This fall has brought near-record-setting warm temperatures, according to meteorologist Alan Smith. That’s curbed typical snowmaking efforts. The warm temperatures are a trend in the Rocky Mountain West. A report from research nonprofit Climate Central shows that since 1970, Teton County’s average fall temperatures have warmed 3.1 degrees Fahrenheit. 

“So we’ve certainly had slow starts to winter,” Wilsted said, “This one seems particularly slow. It seems like it’s really across the West, from Montana to Colorado to Idaho and Wyoming.”

University of Wyoming experts have warned that climate change could mean less snow.

The decision to delay opening days temporarily halts lodging sales, forces credited or refunded tickets and pushes back some employee start dates at Snow King, Jackson Hole and Grand Targhee Resorts.

Still, they’ve seen this before.
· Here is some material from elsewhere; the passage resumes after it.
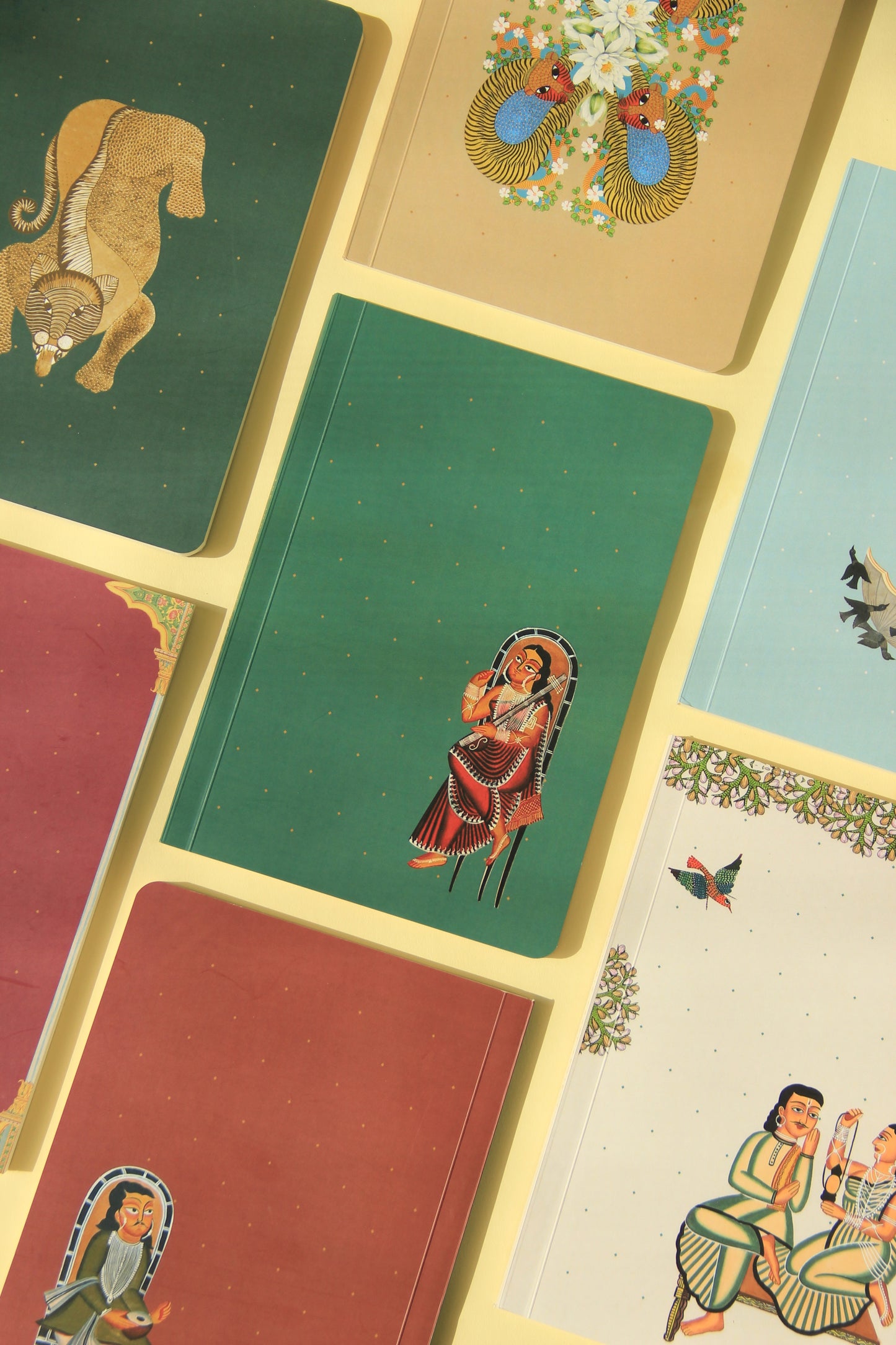 ARTH Keepsake Collection | Folio, Diary, Notepad & Bookmark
Grand Targhee Resort was last delayed opening in 2021. Jackson Hole last delayed in 2016 and Snow King in 2023.

“It’s always a bummer to not have skiers up here before Thanksgiving like we normally do,” Wilsted said, “but ski resorts are prepared to weather this kind of storm and we know that winter’s just around the corner.”

Three-month forecasts show below-average temperatures and above-average snow due to La Niña weather patterns for most of winter, though Smith says those patterns are “weak.”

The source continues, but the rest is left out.